Paulatinamente, nas últimas décadas, em vários setores das nossas vidas, secundarizaram-se (para não qualificar de outra forma) as humanidades, e nas humanidades vários saberes como a cultura, a arte, a história e outros ramos do saber, não só clássico. 

Um dos saberes mais penalizados foi a história. Que, a par da geografia ou da geologia, foi desvalorizada - e até muitas vezes catalogada e diabolizada como ciência do passado, que já pouco tinha de útil, dentro e fora da academia. Com consequências negativas a vários níveis. Desde a perda de atratividade (e consequentemente de alunos) à perda de interesse para a investigação científica aplicada.

Viveu-se (e para alguns isso deverá acontecer ainda mais no futuro) com a ilusão de que a história era uma ciência morta.

 

O tempo em que o que contava era a gestão e mais gestão, economia e mais economia, engenharia e mais engenharia, já lá vai. O tempo em que tudo servia para que a religião dos números e de várias ciências exatas ocupasse o lugar das ciências sociais. 

E não fomos muitos os que protestámos pela vida fora, em vários fóruns, dizendo o quanto isto era negativo. Para os países, para as organizações públicas e não públicas, para as empresas, para as pessoas. 

Multiplicaram-se os analfabetos viciados em eletrónica e em gráficos e contas, que não passavam de iletrados. E que mais não eram (e muitos ainda são...) do que incultos e narcisistas carregados de deficiências e de falhas gravíssimas, não só na história e noutros saberes, mas sobretudo nos valores de vida. 

 

Assisti a tudo um pouco, como se costuma dizer. Alunos a perguntarem se a república de França tinha começado com Charles De Gaulle, se a monarquia dos EUA tinha reinado até Bill Clinton, já para não falar de gente ilustre que, no exercício das mais altas funções em órgãos de soberania - como a Assembleia da República e o Governo -, não sabia escrever uma linha e tínhamos de ser alguns de nós a fazê-lo (e até a escrever outras coisas mais relevantes).

Aliás, recentemente, ao consultar os diários dos últimos anos de Governo, encontrei um ‘espólio’ extraordinário sobre essas e outras coisas - que, isso sim, é material para a história tratar.
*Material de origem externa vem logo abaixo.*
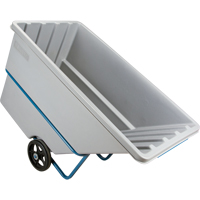 MN983 Chariot basculeur en acier, Poly&eacute;thyl&egrave;ne, 1,1 vg³, Capacit&eacute; de charge de 2000 lb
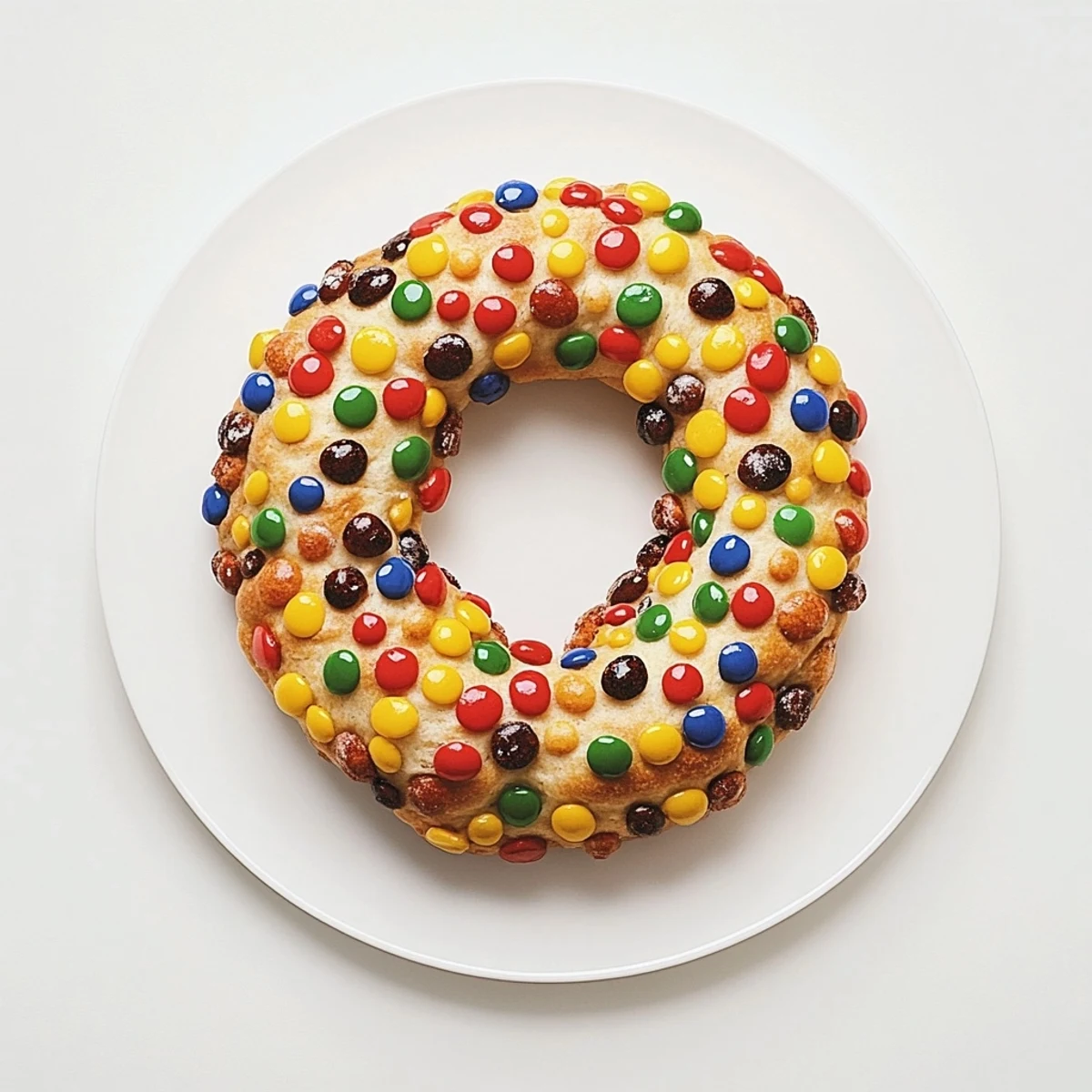 Fluffy cloud bread rainbow version with vibrant colors for a fun breakfast treat.  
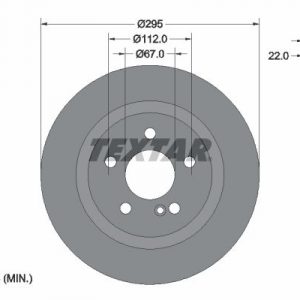 Диск тормозной задний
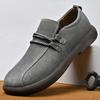 Handmade Suede Leather Casual Shoes for Men Comfy Walking Shoes Outdoor Driving Footwear Loafers Breathable Business Moccasins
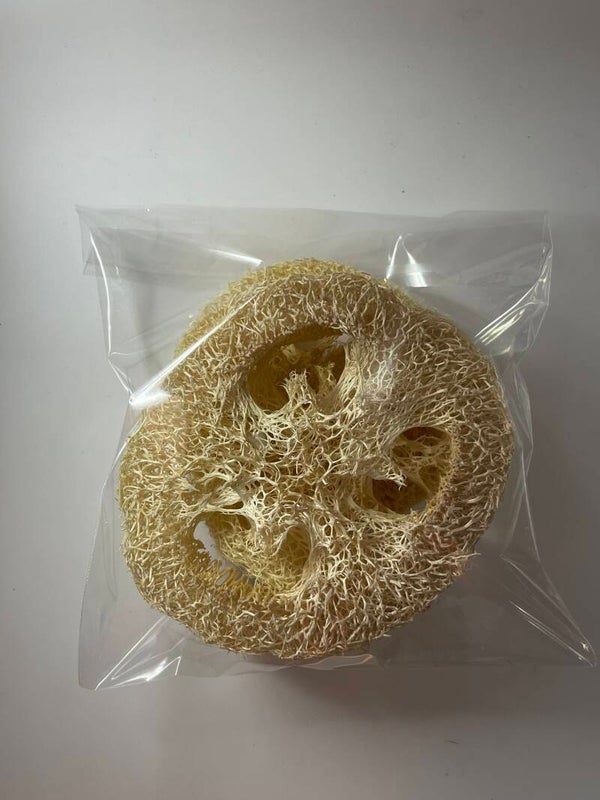 Knutselzakje Loofah Spons 3 stuks
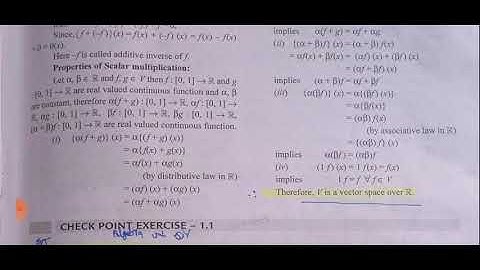 Example on Vector space Bsc mathe MSc mathe NBHM tifr CSIR-NET Subscribe🙏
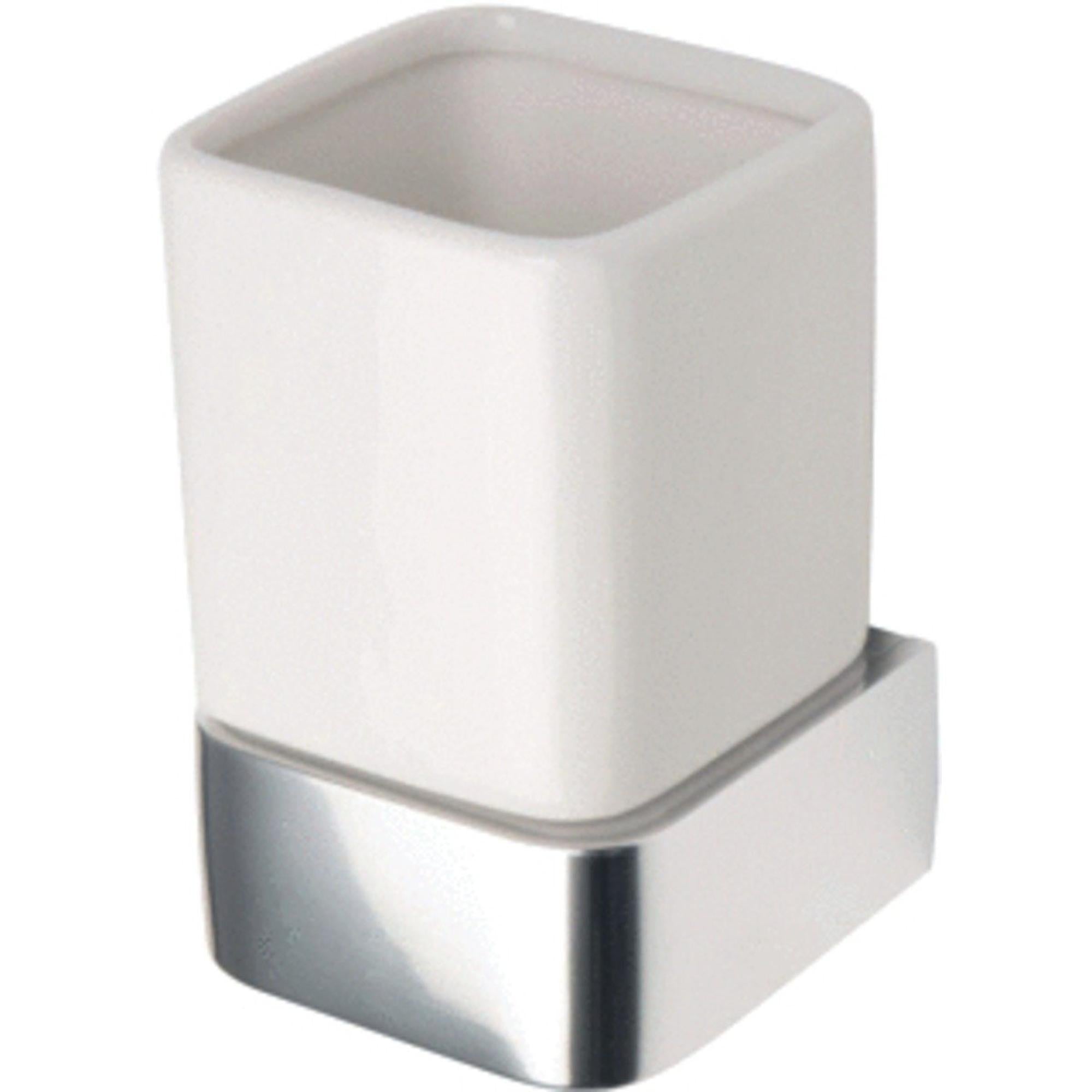 Haceka Aline Glashalter Aluminium Poliertes Aluminium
Tenho como adquirido que a história não é uma ciência do passado, que caiu em desuso e sem importância. Antes pelo contrário. É uma ciência do futuro. Uma ciência que trata, analisa, compara e afere cientificamente factos e acontecimentos diversos, do passado e do presente, por forma a enfrentarmos o futuro com melhor conhecimento, com melhores condições, para não só decidirmos bem como para conhecermos melhor aquilo que nos rodeia.

 

Entre o saber melhor e o decidir bem, as diferenças passaram a ser poucas. Mas mesmo assim são imprescindíveis para a governança pública de base estadual, supra estadual e europeia, continental e mundial. 

No mundo, é cada vez mais o número de organizações e de empresas que contratam gente qualificada das humanidades e afins. Sobretudo gente de história, de geografia e de relações internacionais. Porque, nuns casos, já perceberam o erro que pode resultar da desvalorização destes ramos do saber; e, por outro lado, já se focaram nas lições de vida e nas lições da história. 

Muitos já perceberam que a história é, sem dúvida, uma das rainhas das ciências sociais e humanas. Que tanta falta faz ao mundo, à Europa e a países como Portugal.

O caminho passa, pois, por valorizar a história. Por temperar a presença das ciências exatas. Da história podem vir soluções para muitos problemas do presente e do futuro.